# Directions
The job is to output each record exactly as it stands, pictures excluded.
Start of Extracted entries
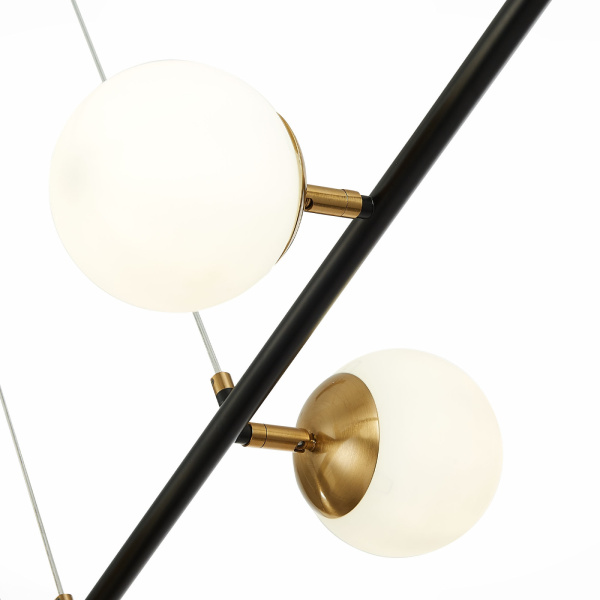 картинка Подвесной светильник Forli SLE220403-06 от магазина BTSvet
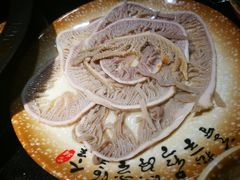 -蓉城江北老灶火锅(春熙路店)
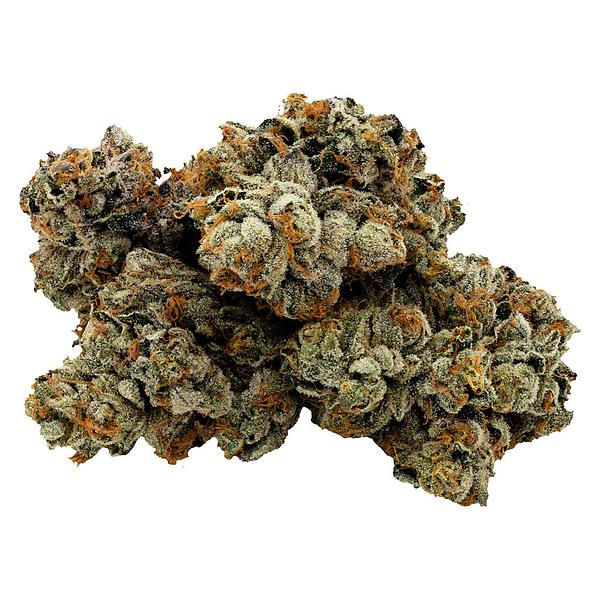 Smokestack - Jet Fuel Gelato X Pinesoul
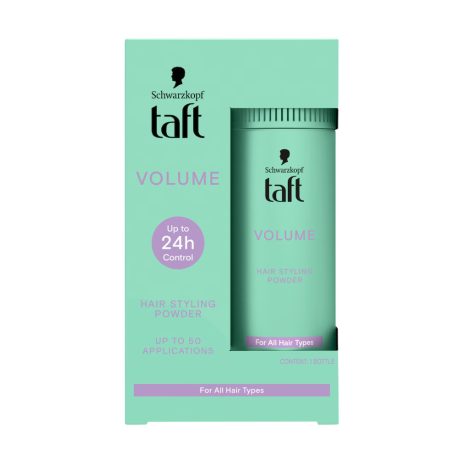 Taft Volume hajformázó por 10g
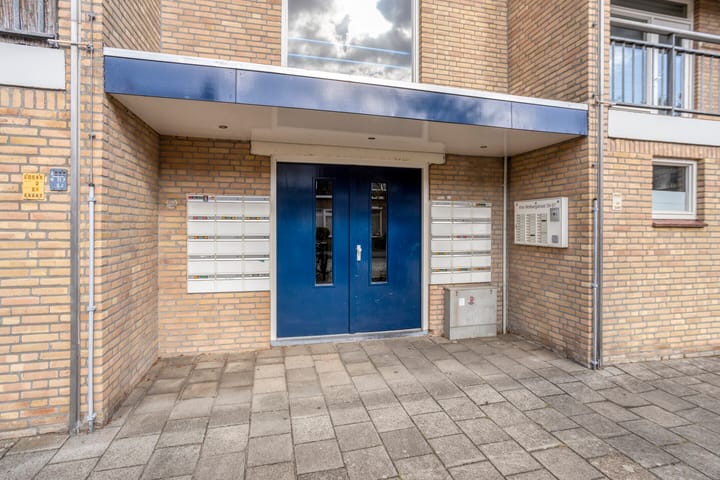 Foto 16 van Wolbergstraat 85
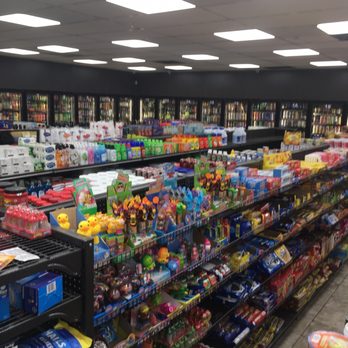 Eddie's Liquor Center - More and more stuff to buy - Beer, Wine & Spirits Near Me - Long Beach, California
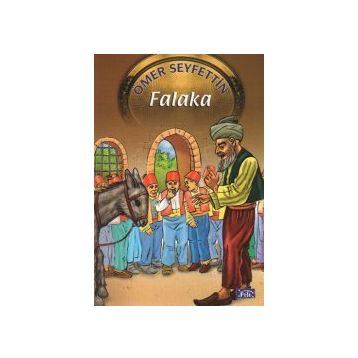 Falaka - Ömer Seyfeddin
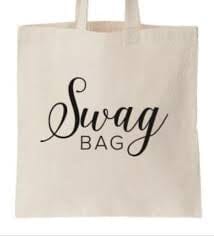 Swag Bag Candy Girl Impressive Beauty 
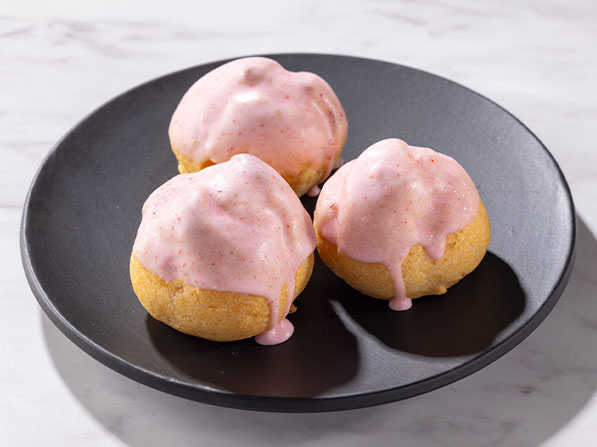 プティシュー～苺～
End of Extracted entries
# Problem solution
 картинка Подвесной светильник Forli SLE220403-06 от магазина BTSvet
 -蓉城江北老灶火锅(春熙路店)
 Smokestack - Jet Fuel Gelato X Pinesoul
 Taft Volume hajformázó por 10g
 Foto 16 van Wolbergstraat 85
 Eddie's Liquor Center - More and more stuff to buy - Beer, Wine & Spirits Near Me - Long Beach, California
 Falaka - Ömer Seyfeddin
 Swag Bag Candy Girl Impressive Beauty 
 プティシュー～苺～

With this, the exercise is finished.